Donato worked in the telephone-call center at the Hospital of the University of Pennsylvania, where his sister underwent surgeries.

"He was at the hospital every single day to help take care of me during all of my brain surgeries," his sister said. "His was always the first face I was happy to see when I woke up from a surgery. I wouldn't have lived through any of that time if it hadn't been for Donato."

In Texas, Donato ran a catering business and a house-cleaning service while doing his writing.

He published his first book, The Threads of Life, in 2003. His last book, Compound Delusions, was published in January 2012. His books are available on Amazon.

"Donato was a wonderful brother, son and friend," his sister wrote in a tribute. "If someone he loved was in trouble, he was there to make sure they were OK, and if they weren't, he stayed with them until they were."

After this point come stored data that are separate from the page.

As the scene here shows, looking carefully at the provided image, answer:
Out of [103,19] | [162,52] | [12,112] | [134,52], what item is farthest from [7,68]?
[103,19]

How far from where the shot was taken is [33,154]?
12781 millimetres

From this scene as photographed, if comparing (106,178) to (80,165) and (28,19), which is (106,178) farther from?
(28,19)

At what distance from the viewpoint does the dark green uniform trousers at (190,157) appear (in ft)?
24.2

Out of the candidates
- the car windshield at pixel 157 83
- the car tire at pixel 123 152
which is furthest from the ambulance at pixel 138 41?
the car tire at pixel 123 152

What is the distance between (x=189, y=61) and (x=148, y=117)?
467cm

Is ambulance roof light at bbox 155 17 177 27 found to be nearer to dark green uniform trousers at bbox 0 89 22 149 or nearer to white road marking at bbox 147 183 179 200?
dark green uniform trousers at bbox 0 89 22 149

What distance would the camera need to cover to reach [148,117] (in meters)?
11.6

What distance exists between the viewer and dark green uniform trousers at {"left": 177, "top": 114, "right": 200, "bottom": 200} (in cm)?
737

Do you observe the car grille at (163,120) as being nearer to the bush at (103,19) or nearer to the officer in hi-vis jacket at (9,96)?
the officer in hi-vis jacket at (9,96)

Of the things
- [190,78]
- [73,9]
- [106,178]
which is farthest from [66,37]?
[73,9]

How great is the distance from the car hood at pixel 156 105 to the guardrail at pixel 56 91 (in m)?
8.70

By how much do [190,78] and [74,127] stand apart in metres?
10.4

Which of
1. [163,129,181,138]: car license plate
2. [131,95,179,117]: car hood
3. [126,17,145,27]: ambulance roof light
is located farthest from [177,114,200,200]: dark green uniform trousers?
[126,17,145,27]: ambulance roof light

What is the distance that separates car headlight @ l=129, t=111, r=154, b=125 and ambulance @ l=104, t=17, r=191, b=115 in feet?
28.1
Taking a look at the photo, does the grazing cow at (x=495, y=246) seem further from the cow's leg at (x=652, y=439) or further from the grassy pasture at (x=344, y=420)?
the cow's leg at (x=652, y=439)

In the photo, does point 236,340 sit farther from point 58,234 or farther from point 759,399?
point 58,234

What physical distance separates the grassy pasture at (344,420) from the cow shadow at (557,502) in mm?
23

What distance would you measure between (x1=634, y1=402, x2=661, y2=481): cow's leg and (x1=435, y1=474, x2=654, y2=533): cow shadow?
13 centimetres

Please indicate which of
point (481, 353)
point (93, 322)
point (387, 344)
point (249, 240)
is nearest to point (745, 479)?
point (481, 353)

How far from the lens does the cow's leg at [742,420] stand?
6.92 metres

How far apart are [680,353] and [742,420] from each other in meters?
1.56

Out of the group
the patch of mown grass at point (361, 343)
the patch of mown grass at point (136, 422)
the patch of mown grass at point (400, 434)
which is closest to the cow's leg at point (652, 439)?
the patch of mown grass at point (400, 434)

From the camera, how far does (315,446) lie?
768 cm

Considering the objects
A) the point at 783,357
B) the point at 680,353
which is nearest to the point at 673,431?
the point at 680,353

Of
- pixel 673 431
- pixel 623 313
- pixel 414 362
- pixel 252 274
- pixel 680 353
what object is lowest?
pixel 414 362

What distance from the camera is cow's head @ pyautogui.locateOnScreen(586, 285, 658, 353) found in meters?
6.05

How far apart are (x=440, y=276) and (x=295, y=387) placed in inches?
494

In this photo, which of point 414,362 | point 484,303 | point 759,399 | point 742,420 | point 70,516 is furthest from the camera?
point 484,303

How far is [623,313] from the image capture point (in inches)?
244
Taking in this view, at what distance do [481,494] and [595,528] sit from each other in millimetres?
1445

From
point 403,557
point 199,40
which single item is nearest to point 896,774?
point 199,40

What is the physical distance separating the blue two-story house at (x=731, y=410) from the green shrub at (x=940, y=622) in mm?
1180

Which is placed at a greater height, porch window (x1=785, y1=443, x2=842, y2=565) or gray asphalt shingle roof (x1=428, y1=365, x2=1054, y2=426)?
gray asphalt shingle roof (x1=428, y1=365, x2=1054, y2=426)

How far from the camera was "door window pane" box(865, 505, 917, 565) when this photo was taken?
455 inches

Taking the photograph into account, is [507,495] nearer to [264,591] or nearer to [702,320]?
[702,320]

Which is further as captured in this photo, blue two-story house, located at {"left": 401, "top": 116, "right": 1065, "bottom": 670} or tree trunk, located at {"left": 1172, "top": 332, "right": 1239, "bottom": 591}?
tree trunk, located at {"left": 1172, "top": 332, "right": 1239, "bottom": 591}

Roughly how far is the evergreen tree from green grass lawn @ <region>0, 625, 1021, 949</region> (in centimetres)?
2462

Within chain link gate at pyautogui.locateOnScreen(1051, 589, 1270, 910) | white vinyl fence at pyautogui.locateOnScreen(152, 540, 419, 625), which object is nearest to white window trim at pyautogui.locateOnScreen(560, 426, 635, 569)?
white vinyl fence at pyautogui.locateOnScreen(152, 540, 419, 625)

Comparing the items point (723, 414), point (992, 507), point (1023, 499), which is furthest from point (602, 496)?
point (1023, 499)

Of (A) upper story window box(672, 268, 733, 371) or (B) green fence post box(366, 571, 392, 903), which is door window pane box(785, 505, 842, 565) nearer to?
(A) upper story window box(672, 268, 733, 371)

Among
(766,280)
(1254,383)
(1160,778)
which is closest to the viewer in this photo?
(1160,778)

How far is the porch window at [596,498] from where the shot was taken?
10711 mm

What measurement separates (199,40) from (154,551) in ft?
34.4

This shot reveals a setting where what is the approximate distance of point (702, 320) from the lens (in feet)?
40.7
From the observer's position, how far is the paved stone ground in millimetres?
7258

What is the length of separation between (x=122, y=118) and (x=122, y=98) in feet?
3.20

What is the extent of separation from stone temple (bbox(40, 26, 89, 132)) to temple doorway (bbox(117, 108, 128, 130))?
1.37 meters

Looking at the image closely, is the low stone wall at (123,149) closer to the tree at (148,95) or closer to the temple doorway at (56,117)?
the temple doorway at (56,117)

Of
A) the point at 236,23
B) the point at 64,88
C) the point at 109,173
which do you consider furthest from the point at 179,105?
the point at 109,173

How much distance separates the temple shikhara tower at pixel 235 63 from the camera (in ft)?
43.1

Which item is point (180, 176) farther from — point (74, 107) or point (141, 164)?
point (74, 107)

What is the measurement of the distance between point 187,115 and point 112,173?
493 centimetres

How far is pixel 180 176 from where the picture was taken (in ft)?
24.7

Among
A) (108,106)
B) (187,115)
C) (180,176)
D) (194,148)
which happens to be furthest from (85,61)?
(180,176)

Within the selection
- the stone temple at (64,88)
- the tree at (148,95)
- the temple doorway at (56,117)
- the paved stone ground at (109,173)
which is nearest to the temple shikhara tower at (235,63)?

In his youth, Donato had a dog named Loco. The death of Loco was a profound shock to him, his sister said. In Texas he had a female Chihuahua named Loca.

"His dog Loca was by his side when he died," his sister said, "and stayed with him until someone found him. He loved Loca and Loca loved him, and she made sure he was found."

Besides his sister and mother, he is survived by two brothers, Joseph DiCristino Jr. and Joshua DiCristino.

Services: Memorial service 3 p.m. June 7 at Calvary Temple, 3301 S. 20th St. Friends may call at 2 p.m.